*** Opening Source material ***

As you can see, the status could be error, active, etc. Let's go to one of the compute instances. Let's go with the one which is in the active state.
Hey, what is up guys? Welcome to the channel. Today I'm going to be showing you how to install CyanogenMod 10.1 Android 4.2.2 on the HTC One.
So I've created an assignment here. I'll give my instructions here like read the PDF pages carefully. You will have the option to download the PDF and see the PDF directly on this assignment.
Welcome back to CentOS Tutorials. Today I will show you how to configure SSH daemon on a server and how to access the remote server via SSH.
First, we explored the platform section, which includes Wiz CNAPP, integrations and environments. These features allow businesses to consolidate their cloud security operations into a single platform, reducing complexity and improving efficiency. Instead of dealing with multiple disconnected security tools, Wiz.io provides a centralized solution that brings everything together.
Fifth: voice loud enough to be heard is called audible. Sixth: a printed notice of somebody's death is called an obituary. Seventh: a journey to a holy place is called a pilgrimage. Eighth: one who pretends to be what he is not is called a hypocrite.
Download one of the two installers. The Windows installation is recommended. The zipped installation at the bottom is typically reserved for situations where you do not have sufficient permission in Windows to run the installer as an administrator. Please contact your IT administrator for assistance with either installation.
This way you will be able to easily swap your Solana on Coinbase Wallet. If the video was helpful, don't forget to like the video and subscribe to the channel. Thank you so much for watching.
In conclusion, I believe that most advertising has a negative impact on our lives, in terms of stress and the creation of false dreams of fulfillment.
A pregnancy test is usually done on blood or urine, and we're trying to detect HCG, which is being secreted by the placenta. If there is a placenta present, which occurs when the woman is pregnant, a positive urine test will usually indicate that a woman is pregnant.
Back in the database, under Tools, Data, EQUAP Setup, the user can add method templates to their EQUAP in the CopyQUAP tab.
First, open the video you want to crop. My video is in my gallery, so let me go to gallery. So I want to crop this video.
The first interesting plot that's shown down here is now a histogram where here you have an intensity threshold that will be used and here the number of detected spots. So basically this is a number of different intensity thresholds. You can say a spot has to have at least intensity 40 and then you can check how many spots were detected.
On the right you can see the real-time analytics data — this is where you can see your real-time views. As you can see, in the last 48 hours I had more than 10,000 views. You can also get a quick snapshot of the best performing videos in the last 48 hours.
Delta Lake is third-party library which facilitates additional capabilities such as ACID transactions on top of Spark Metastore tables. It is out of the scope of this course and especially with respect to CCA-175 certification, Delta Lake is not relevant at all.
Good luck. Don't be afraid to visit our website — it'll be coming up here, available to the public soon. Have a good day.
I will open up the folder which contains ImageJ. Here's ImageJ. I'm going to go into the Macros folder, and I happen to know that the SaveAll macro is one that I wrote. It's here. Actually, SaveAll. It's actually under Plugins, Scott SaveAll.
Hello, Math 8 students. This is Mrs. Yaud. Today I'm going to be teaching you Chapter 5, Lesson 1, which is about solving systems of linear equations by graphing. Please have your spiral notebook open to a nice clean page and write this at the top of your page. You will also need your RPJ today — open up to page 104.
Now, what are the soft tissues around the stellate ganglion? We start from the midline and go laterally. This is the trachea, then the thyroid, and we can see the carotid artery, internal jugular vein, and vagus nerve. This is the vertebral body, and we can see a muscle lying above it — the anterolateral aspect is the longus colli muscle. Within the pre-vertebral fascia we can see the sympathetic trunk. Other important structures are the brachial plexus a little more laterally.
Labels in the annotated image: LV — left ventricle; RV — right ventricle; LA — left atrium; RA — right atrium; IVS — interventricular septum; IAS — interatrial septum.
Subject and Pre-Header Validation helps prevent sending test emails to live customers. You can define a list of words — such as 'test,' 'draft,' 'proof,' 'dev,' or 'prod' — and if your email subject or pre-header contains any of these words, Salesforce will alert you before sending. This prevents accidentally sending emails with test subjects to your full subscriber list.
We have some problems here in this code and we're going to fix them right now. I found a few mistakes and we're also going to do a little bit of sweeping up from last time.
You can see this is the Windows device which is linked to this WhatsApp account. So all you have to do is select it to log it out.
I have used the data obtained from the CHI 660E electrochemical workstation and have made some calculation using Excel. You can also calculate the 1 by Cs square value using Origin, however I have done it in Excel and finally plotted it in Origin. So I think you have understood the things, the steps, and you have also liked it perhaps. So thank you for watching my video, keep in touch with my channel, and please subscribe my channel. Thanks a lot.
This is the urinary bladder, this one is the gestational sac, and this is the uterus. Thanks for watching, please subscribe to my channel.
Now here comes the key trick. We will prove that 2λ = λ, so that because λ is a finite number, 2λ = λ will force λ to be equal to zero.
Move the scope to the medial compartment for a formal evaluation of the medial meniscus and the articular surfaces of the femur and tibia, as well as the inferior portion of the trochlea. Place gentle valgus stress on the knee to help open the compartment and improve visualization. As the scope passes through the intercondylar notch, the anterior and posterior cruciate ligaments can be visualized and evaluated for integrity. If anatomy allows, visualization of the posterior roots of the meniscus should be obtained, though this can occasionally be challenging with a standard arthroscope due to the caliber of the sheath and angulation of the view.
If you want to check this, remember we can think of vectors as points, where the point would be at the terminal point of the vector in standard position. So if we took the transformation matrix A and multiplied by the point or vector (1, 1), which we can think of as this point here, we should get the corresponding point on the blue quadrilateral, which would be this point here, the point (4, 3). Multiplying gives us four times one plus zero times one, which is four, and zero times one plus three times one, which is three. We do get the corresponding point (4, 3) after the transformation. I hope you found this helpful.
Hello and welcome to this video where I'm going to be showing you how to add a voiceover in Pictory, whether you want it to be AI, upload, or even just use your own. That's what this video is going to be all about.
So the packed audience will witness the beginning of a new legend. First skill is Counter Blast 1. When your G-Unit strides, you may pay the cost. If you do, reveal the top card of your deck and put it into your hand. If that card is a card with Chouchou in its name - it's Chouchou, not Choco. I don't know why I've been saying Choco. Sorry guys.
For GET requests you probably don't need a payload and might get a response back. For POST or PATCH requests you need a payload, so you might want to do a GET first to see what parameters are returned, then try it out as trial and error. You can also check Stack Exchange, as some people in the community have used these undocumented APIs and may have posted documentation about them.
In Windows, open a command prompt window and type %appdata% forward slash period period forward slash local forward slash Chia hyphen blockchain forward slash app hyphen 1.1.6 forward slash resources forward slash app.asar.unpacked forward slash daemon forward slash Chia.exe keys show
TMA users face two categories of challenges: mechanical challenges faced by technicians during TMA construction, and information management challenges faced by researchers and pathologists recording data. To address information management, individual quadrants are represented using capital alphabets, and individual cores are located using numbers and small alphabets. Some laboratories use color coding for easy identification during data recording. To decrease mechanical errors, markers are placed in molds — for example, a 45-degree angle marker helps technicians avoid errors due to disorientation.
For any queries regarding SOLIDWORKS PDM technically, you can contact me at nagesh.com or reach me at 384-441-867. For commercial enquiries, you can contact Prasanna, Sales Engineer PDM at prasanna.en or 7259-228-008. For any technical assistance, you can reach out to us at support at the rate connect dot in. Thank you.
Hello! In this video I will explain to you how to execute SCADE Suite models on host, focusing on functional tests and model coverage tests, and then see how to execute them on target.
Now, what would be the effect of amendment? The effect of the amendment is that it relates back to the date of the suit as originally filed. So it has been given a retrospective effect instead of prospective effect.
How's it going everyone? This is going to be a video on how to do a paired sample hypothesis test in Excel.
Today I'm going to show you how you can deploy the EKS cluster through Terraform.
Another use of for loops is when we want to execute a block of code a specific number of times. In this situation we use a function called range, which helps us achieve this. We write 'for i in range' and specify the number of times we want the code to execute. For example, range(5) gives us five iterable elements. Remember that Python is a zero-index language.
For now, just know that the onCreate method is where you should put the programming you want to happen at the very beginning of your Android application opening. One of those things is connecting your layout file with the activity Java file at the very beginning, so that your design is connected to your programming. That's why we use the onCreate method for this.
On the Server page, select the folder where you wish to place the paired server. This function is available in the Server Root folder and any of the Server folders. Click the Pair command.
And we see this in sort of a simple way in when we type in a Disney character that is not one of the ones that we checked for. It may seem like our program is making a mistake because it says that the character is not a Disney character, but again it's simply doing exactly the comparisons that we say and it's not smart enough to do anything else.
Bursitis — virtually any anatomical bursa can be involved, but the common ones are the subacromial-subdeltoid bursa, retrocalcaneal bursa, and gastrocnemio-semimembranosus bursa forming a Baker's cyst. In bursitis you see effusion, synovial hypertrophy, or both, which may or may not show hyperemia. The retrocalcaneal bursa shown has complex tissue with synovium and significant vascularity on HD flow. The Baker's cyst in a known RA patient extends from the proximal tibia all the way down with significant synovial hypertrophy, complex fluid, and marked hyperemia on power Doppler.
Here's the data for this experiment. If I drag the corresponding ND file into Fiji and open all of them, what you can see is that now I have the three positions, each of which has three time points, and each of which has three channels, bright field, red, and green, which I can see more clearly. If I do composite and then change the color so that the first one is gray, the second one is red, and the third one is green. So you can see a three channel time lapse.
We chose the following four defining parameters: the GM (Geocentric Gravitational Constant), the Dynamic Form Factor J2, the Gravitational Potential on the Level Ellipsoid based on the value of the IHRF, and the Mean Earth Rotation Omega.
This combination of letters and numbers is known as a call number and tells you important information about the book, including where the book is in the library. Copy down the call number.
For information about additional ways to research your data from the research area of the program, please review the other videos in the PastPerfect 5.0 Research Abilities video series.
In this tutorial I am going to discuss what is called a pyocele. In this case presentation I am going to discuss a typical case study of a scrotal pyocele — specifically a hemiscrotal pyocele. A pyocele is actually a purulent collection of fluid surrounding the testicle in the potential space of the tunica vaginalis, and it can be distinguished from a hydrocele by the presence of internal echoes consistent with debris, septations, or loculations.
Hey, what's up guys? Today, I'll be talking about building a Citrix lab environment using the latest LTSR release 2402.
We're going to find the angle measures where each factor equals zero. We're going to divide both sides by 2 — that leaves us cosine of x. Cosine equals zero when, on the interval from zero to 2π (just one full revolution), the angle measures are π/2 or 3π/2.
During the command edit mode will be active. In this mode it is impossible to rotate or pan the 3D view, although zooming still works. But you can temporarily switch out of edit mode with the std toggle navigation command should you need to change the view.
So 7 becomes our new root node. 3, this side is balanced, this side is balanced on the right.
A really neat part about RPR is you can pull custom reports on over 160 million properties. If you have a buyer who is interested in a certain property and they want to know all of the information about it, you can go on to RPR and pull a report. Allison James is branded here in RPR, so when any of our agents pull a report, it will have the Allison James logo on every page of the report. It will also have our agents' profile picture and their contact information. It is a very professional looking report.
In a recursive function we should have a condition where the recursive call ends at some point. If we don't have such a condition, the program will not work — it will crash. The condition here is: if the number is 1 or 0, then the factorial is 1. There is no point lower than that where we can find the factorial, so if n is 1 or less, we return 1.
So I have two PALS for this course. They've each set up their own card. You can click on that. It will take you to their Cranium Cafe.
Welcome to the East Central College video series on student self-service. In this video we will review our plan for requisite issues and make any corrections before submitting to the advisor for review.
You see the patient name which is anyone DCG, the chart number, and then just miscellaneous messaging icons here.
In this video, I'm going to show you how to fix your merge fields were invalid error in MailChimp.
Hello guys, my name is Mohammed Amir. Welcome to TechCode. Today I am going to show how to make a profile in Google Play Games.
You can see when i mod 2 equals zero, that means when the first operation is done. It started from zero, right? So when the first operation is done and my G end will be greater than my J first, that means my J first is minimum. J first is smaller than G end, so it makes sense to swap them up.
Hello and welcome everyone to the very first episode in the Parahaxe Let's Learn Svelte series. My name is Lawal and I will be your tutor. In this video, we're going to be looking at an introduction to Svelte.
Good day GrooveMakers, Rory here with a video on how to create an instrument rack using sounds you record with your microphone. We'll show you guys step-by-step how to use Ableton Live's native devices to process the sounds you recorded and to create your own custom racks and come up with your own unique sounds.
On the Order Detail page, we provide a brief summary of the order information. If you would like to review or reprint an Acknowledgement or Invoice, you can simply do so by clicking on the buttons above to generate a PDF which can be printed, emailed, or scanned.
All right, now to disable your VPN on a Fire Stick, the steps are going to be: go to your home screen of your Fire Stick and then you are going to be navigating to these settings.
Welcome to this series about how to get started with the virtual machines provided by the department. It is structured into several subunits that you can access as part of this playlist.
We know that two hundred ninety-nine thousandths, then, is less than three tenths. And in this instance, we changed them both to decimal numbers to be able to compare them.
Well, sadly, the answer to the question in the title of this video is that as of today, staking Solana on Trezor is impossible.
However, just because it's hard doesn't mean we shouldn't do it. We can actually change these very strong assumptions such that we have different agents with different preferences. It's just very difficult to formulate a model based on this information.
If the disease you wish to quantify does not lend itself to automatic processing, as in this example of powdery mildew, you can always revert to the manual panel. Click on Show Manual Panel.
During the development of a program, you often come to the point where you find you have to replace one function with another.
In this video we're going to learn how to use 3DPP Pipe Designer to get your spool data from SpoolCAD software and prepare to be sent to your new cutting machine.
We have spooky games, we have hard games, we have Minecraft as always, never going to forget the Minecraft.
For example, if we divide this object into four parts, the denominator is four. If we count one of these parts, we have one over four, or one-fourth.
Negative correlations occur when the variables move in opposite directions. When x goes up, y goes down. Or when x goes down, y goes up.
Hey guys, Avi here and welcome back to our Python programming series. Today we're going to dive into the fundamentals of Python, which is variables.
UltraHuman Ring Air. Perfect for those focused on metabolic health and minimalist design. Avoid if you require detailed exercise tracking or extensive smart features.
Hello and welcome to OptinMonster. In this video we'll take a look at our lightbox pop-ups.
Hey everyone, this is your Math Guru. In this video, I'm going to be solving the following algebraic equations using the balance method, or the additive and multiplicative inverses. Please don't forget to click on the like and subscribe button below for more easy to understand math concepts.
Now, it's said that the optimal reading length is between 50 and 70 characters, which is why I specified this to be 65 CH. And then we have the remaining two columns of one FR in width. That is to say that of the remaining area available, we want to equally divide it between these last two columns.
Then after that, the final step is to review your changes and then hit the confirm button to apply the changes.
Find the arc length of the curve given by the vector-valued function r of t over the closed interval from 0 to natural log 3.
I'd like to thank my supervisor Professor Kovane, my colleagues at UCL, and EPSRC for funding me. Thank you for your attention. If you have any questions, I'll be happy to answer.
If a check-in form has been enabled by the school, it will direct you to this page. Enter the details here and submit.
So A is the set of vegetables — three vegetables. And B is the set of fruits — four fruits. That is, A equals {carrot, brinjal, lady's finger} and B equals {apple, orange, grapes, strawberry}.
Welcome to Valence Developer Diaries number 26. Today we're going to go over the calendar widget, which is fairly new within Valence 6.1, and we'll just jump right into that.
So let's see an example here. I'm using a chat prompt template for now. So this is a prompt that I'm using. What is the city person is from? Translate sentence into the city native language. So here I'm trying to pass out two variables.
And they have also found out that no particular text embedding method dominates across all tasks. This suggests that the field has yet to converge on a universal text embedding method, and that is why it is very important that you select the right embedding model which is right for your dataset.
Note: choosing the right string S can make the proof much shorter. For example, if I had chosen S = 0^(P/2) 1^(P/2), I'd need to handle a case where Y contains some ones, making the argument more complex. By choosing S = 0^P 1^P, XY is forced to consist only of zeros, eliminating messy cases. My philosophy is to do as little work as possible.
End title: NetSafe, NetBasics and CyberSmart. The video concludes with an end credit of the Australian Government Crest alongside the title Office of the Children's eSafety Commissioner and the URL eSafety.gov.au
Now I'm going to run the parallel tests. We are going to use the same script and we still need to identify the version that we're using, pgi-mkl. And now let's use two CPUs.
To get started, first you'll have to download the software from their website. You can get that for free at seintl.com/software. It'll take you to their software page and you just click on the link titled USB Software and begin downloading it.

*** Closing Source material ***

How many lines in the records include "Good"? Answer with the number alone.

2